The pictures are to be left out, and all remaining data is to be transcribed exactly as it appears.

[Collected data]
——————
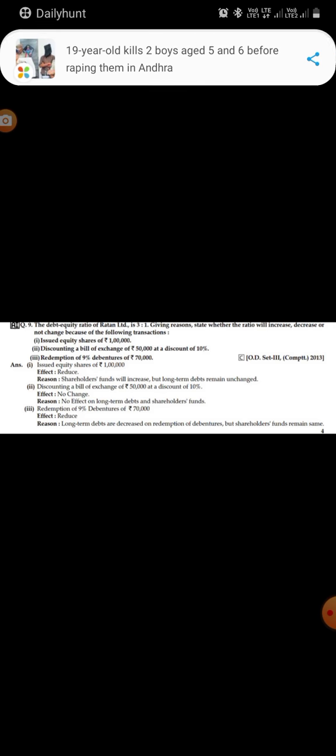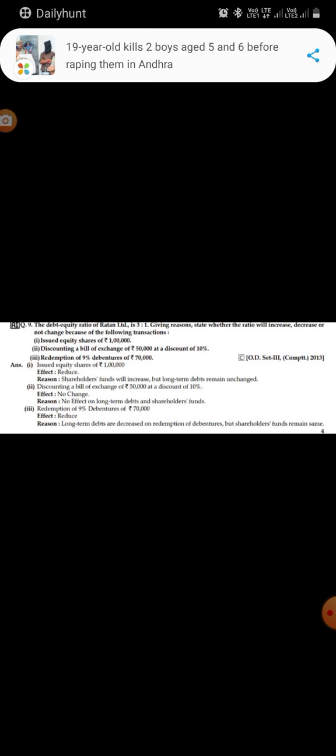Now let us see the second condition where the bill of exchange is discounted at 10% discount, which costs 50,000 rupees. As we know that bill of exchange is a current asset, so it doesn't affect the long-term debts as well as shareholder funds. That's why there would be no change in the debt equity ratio.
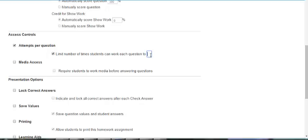When students complete a homework question, a similar exercise or try again button appears and allows them to generate the question again. The similar exercise button generates the same question with different values. Try again will refresh the same version of the question.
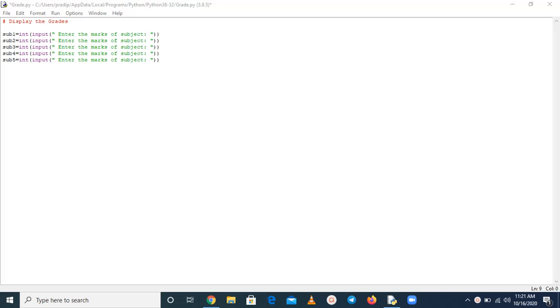Hello friends, in this video I am going to discuss how you can calculate the average of marks and you can display the grades.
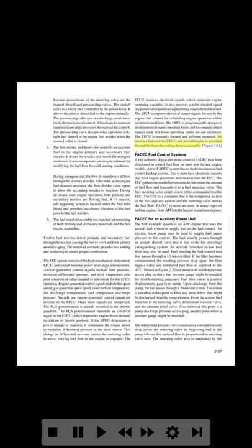FADEC fuel control systems: A full-authority digital electronic control (FADEC) has been developed to control fuel flow on most new turbine engine models. A true FADEC system has no hydromechanical fuel control backup system. The system uses electronic sensors that feed engine parameter information into the EEC. The EEC gathers the needed information to determine the amount of fuel flow and transmits it to a fuel metering valve. The fuel metering valve simply reacts to the commands from the EEC — the EEC is the computing section and the metering valve meters the fuel flow. FADEC systems are used on many types of turbine engines from APUs to the largest propulsion engines.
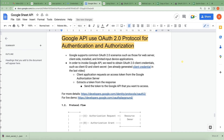Hello everyone. In this video, I am going to talk about how Google API uses OAuth 2.0 protocol for authentication and authorization. In the last video, we fetched data from an Excel sheet using the Google Sheets API, and in the backend, this process is happening. I'm going to talk about how Google API is able to fetch data from Google Sheet. I have captured a few points — let's go through them.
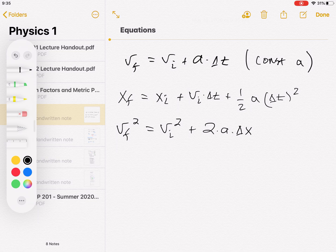All three equations are always true for constant acceleration — it's just that sometimes one is more useful than the others, depending on what quantities you know. These three kinematic equations will be applied when we work through problems.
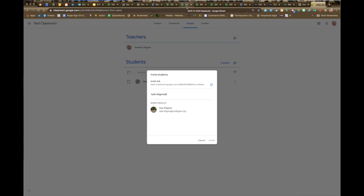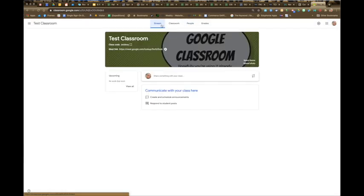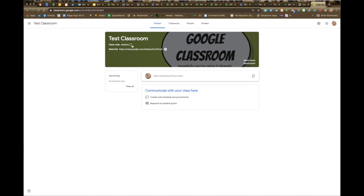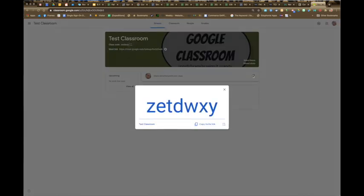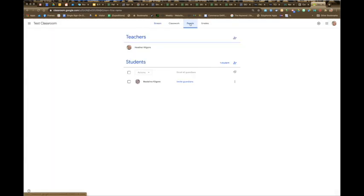If you don't know their email address, you can go to the spreadsheets that have all of the students' usernames and passwords and copy it from there. You can also email them an invite link, or you can go to the Stream page and give them your class code to join the classroom. So you have three different ways to get students into the classroom.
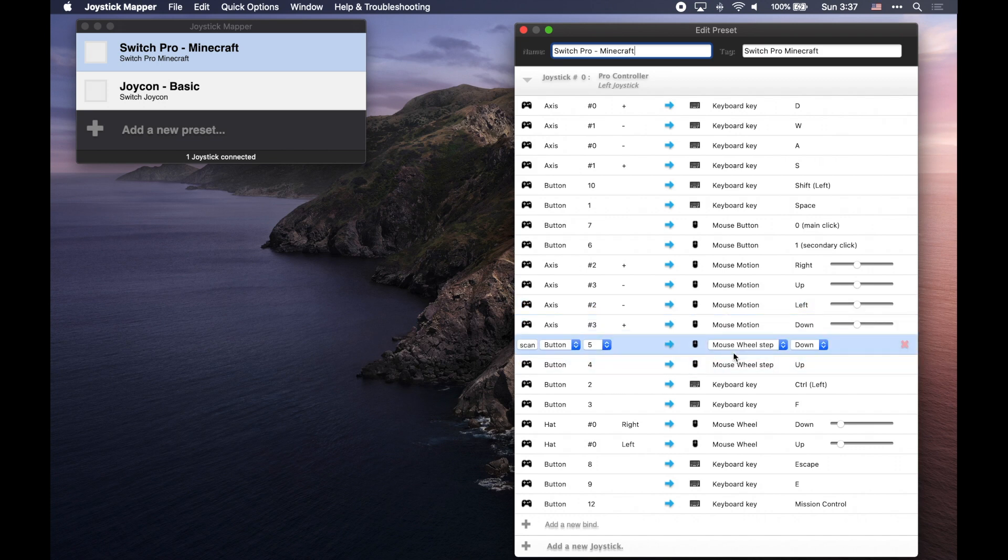Also, you can see, for example, this is mouse wheel step. I bound, for example, the left and right arrows on the D-pad to just one click of the mouse wheel, either up or down.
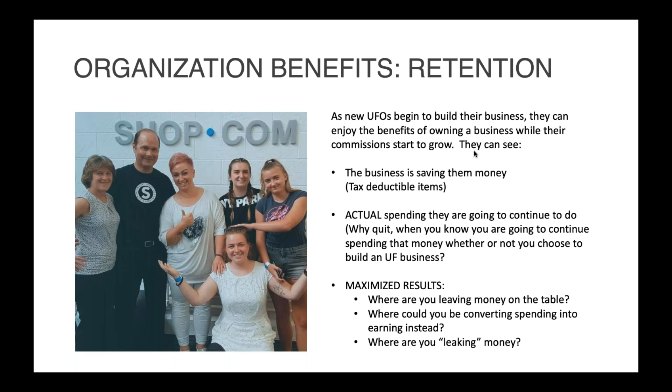Secondly, see the actual spending that they are doing and continue to do. Why would somebody quit or give up if they can see plain as day that they're spending money that could be converted into BV or IVV and help to pay them an ongoing commission? Those are two very powerful pieces, and it helps a lot for somebody's stay power and helps them to feel like they're making progress, which they are. It's just something that's a little bit more tangible as they build up their ongoing income through the MPCP.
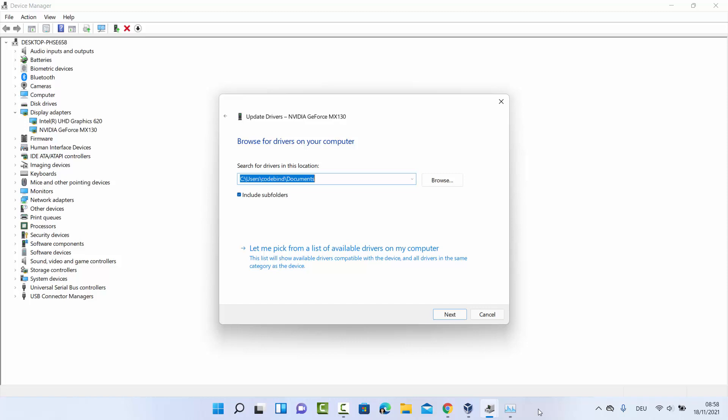So these are a few different ways in which you can update your graphics card driver on your Windows 11 operating system. I hope you've enjoyed this video and I will see you in the next one.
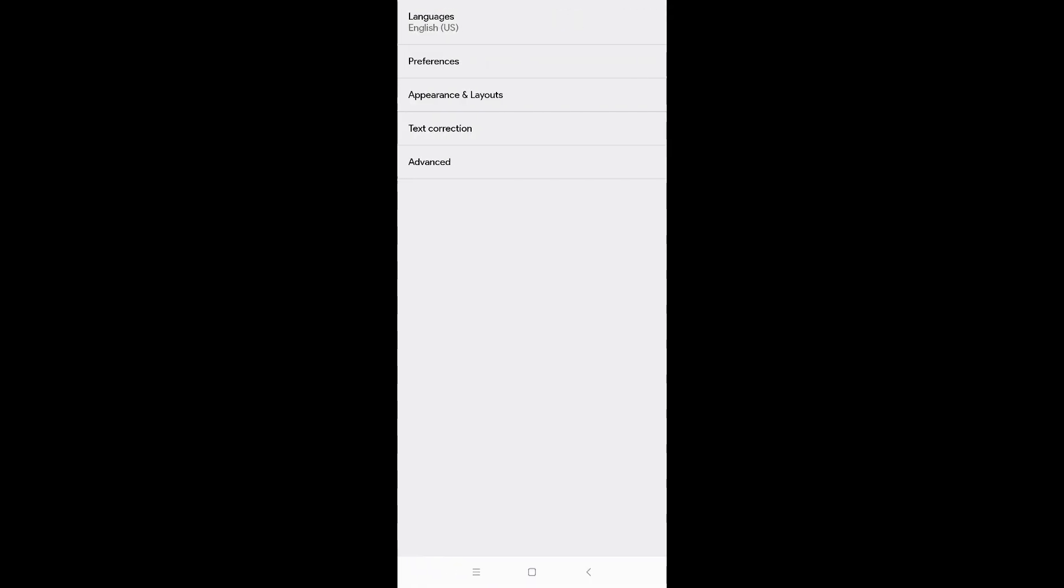All the preferences of the keyboard, so we can update the layout, text correction, advance, language, switch key. It's up to you when you use.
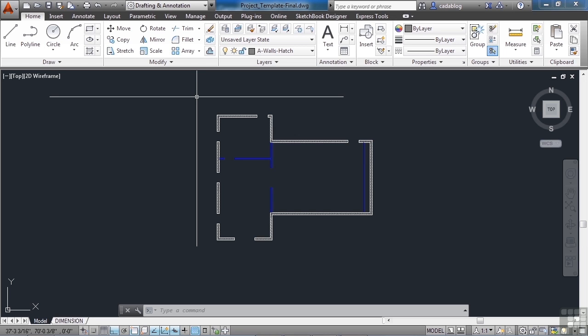So now we've created the majority of our model and the line work here. Next we're going to put in some blocks and use the array command.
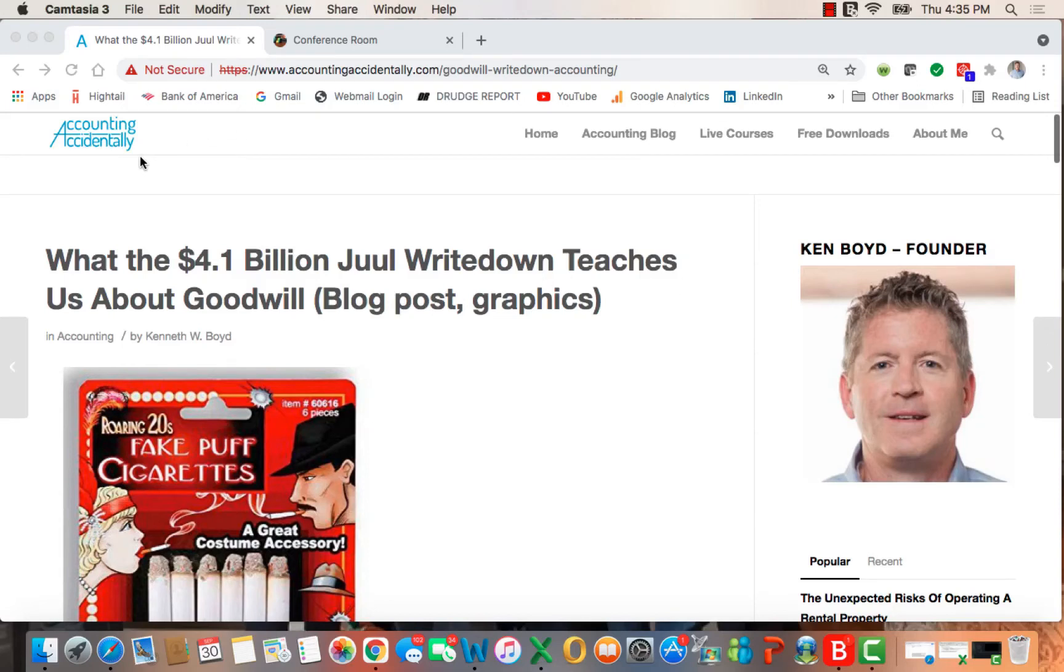Hey guys, Ken Boyd with the Accounting Accidentally website where you'll find over 500 blog posts and links to over 350 of my YouTube videos here.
——————
Response to the exercise
Now let us see the second condition where the bill of exchange is discounted at 10% discount, which costs 50,000 rupees. As we know that bill of exchange is a current asset, so it doesn't affect the long-term debts as well as shareholder funds. That's why there would be no change in the debt equity ratio.
When students complete a homework question, a similar exercise or try again button appears and allows them to generate the question again. The similar exercise button generates the same question with different values. Try again will refresh the same version of the question.
Hello friends, in this video I am going to discuss how you can calculate the average of marks and you can display the grades.
FADEC fuel control systems: A full-authority digital electronic control (FADEC) has been developed to control fuel flow on most new turbine engine models. A true FADEC system has no hydromechanical fuel control backup system. The system uses electronic sensors that feed engine parameter information into the EEC. The EEC gathers the needed information to determine the amount of fuel flow and transmits it to a fuel metering valve. The fuel metering valve simply reacts to the commands from the EEC — the EEC is the computing section and the metering valve meters the fuel flow. FADEC systems are used on many types of turbine engines from APUs to the largest propulsion engines.
Hello everyone. In this video, I am going to talk about how Google API uses OAuth 2.0 protocol for authentication and authorization. In the last video, we fetched data from an Excel sheet using the Google Sheets API, and in the backend, this process is happening. I'm going to talk about how Google API is able to fetch data from Google Sheet. I have captured a few points — let's go through them.
All three equations are always true for constant acceleration — it's just that sometimes one is more useful than the others, depending on what quantities you know. These three kinematic equations will be applied when we work through problems.
If you don't know their email address, you can go to the spreadsheets that have all of the students' usernames and passwords and copy it from there. You can also email them an invite link, or you can go to the Stream page and give them your class code to join the classroom. So you have three different ways to get students into the classroom.
Also, you can see, for example, this is mouse wheel step. I bound, for example, the left and right arrows on the D-pad to just one click of the mouse wheel, either up or down.
Secondly, see the actual spending that they are doing and continue to do. Why would somebody quit or give up if they can see plain as day that they're spending money that could be converted into BV or IVV and help to pay them an ongoing commission? Those are two very powerful pieces, and it helps a lot for somebody's stay power and helps them to feel like they're making progress, which they are. It's just something that's a little bit more tangible as they build up their ongoing income through the MPCP.
So these are a few different ways in which you can update your graphics card driver on your Windows 11 operating system. I hope you've enjoyed this video and I will see you in the next one.
All the preferences of the keyboard, so we can update the layout, text correction, advance, language, switch key. It's up to you when you use.
So now we've created the majority of our model and the line work here. Next we're going to put in some blocks and use the array command.
Hey guys, Ken Boyd with the Accounting Accidentally website where you'll find over 500 blog posts and links to over 350 of my YouTube videos here.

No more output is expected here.